New appointee will represent student needs with a first-hand perspective


Selected by the Washington State Governor, senior Joshua Neil hopes to represent the voice of the student body while serving on the EWU Board of Trustees.

Neil is the 14th student trustee to be selected in Eastern’s history, a tradition that has helped the members on the board of trustees better understand the needs and values of the students and faculty that they govern.

A new student trustee is selected every year, while the rest of the members of the board serve six-year terms, according to the board of trustees website.

“It is my duty to express the opinions of the students that go to Eastern, so I try to do that to the best of my ability. We have so many types of people and everybody’s an individual, so everyone’s needs are different,” said Neil.

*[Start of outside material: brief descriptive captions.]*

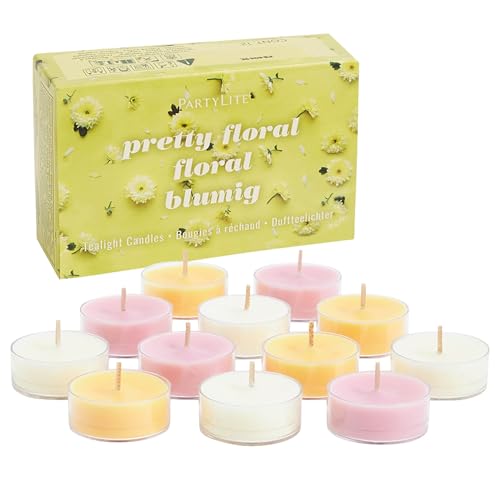 PartyLite Tea Lights Sampler, White Rose and Lily & Linen with Cherry Blossom Scented Candles, Gift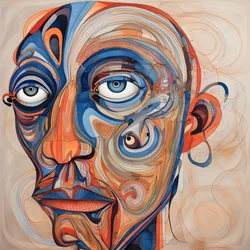 Face, Spiral for Eyes and a Bird for the Nose 1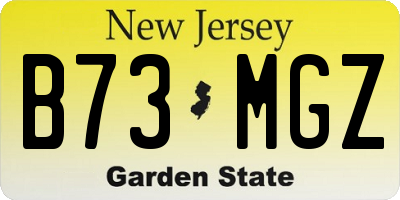 NJ license plate B73MGZ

Neil began the application process last spring and was chosen for the position from a pool of three applicants.

The University is required to have a minimum of three applicants and a maximum of five.

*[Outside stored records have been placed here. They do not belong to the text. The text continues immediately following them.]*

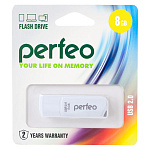 Флеш-карта USB 8Gb Perfeo C10 White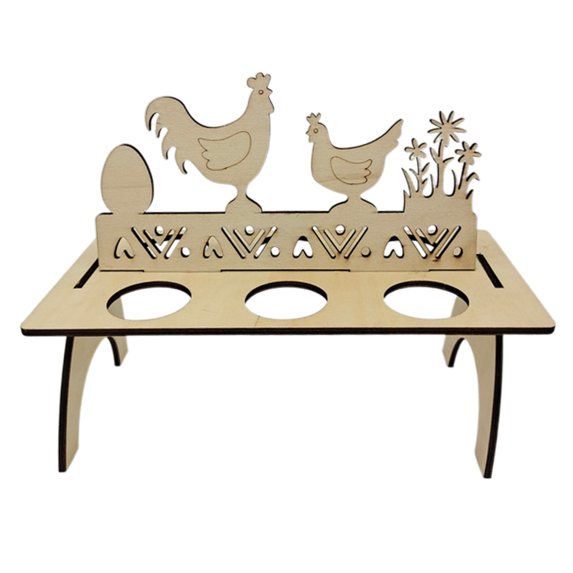 SDFGTstore DIY Wooden Easter Egg Holder Bunny Chicken Pattern Rack Display Stand Decoration
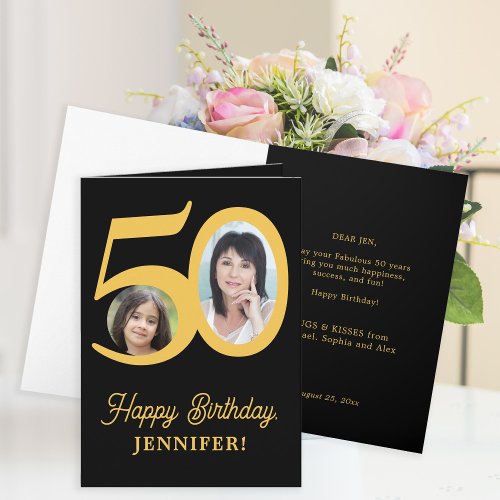 50th birthday gold black photo personalized card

If there are more than five, the board narrows it down and then the applications are sent to the governor’s office.

“It can be difficult to find people to apply for it because it’s not a well known position,” said Neil.

Neil stated that while the board meetings often have a lot of information to take in, he still has fun taking part in the meetings and seeing the university from a different perspective.

“It’s been really interesting to see a different aspect of the university that generally you don’t see as a student. Because usually you’re just focused on classes and activities, you don’t generally see how the university is run,” said Neil.

“After just one meeting [I could tell] they really do value students’ opinions. The board consists of people throughout Washington [and] while most live in the Spokane area, some live on the west side or middle of the state, so they don’t have as much contact with the university… so hearing what students feel about things is very important to them,” said Neil.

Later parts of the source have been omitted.